MANILAMANILA (Reuters) - Southeast Asian foreign ministers failed to release a customary communique at the end of a high-level meeting on Saturday after what diplomats said was a lack of consensus about how to refer to disputes in the South China Sea.
The South China Sea has long been the most thorny issue for the Association of Southeast Asian Nations (ASEAN), with different opinions among its 10 members on how to address China's assertiveness and its building and heavy arming of its artificial islands in disputed waters.
Philippine foreign ministry spokesman Robespierre Bolivar gave no reason for the delay and said the statement would instead be released at the end of a series of regional events hosted by Manila in the next few days.
"The communique will be issued together with all the chairman's statements by the end of all the meetings," he said.
ASEAN's problem in agreeing the wording highlight China's growing influence at a time of uncertainty whether the new U.S. administration will prioritise relations with ASEAN, and try to check Beijing's controversial maritime activities.
Diplomats from three ASEAN countries said the delay was because Vietnam, which is among four members with competing sovereignty claims with China, wanted the text to mention the need to avoid land reclamation and militarisation.
A working draft of the communique seen on Thursday was a watered-down version of one issued last year and drops references to both.
China is extremely sensitive about ASEAN mentioning its expansion of its military capabilities on those islands and some members are concerned about possible repercussions of upsetting Beijing given its military and economic power.
Three of China's seven reclaimed reefs have runways several kilometres long, radar, surface-to-air missiles and storage facilities for fighter jets.
"It's only Vietnam holding out. Maybe, by tomorrow everything will be ironed out," said one diplomat involved in the drafting process.
What ASEAN countries could on Saturday agree on was that tensions on the Korean peninsula stemming from North Korean long-range missile tests seriously threaten global peace and security.
Taking a stronger tone than previous statements on the standoff, they called for North Korea to comply with United Nations Security Council resolutions on its nuclear programme, and make a positive contribution to regional peace.
North Korea's tests of intercontinental ballistic missiles (ICBM), are expected to dominate Monday's ASEAN Regional Forum (ARF), which gathers 27 foreign ministers - including those of Russia, Japan, the United States, China and North and South Korea - to discuss security issues.
North Korea is determined to develop a nuclear-tipped missile capable of hitting the United States and officials in Washington say its latest test a week ago showed it may be able to reach most of the country.
"We strongly call upon (North Korea) as a participant of the ASEAN Regional Forum, to positively contribute to realise the ARF vision to maintain the Asia-Pacific as a region of lasting peace, stability, friendship and prosperity," ASEAN said.
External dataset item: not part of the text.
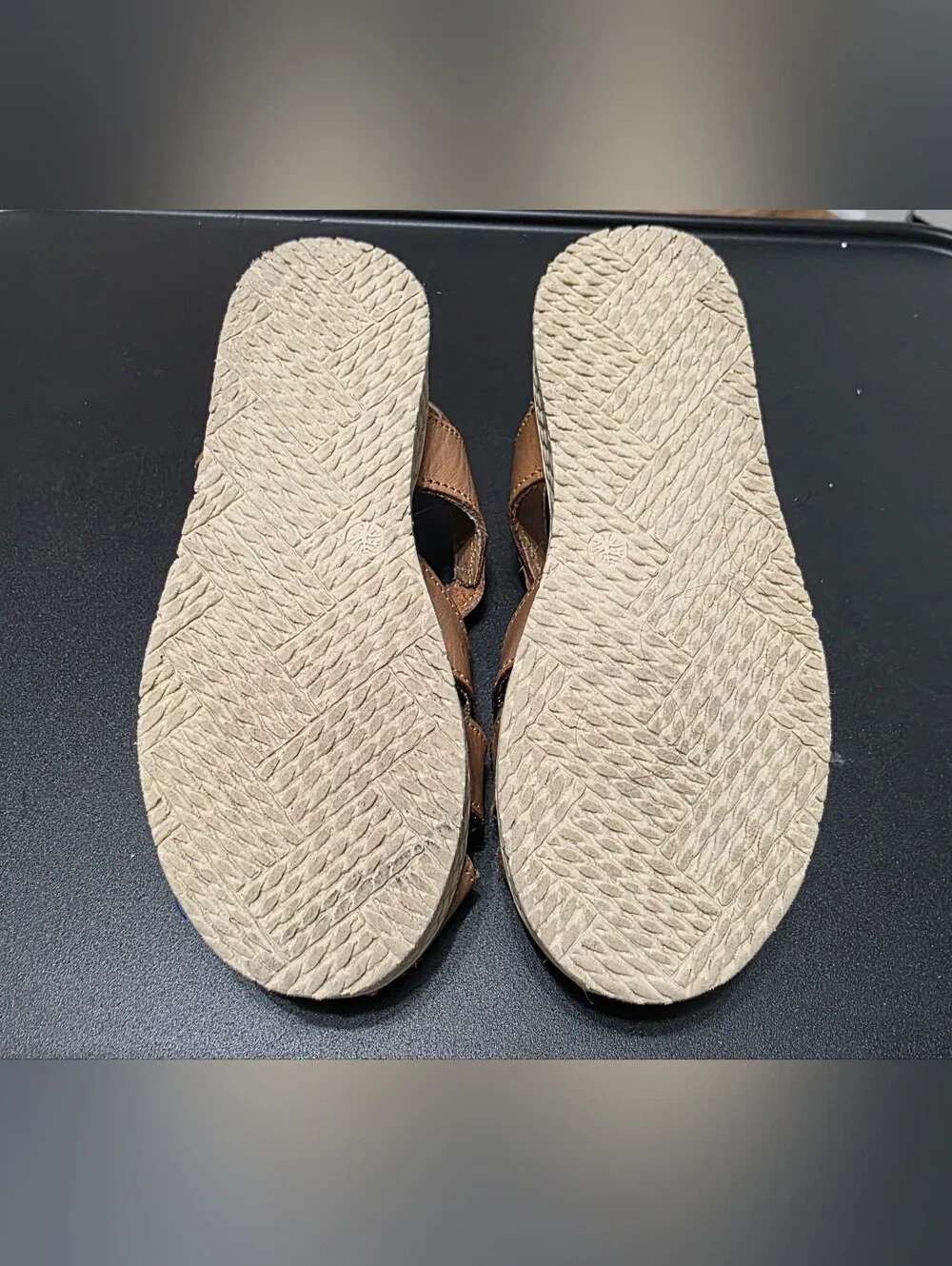 Kids Brown Leather Ghost Embroidered Sandals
The ASEAN position is short of the tougher line urged by the United States, which wanted it to downgrade relations with the already isolated nation.
Some Asian countries, including South Korea, are hoping to have bilateral talks with North Korea's foreign minister, Ri Yong Ho.
"If there is a chance, I would tell him that we must have dialogue and that the North must stop the continuous provocations," South Korean Foreign Minister Kang Kyung Wha told reporters in Manila.
The U.N. Security Council was set to vote on Saturday on a U.S.-drafted resolution that aims to slash by a third North Korea's $3 billion annual export revenue over Pyongyang's two ICBM tests in July.
North Korea's foreign ministry on Saturday said it had briefed diplomats of Indonesia, Laos, Vietnam and Cambodia in Pyongyang earlier in the week about the "resounding success" of its latest ICBM test.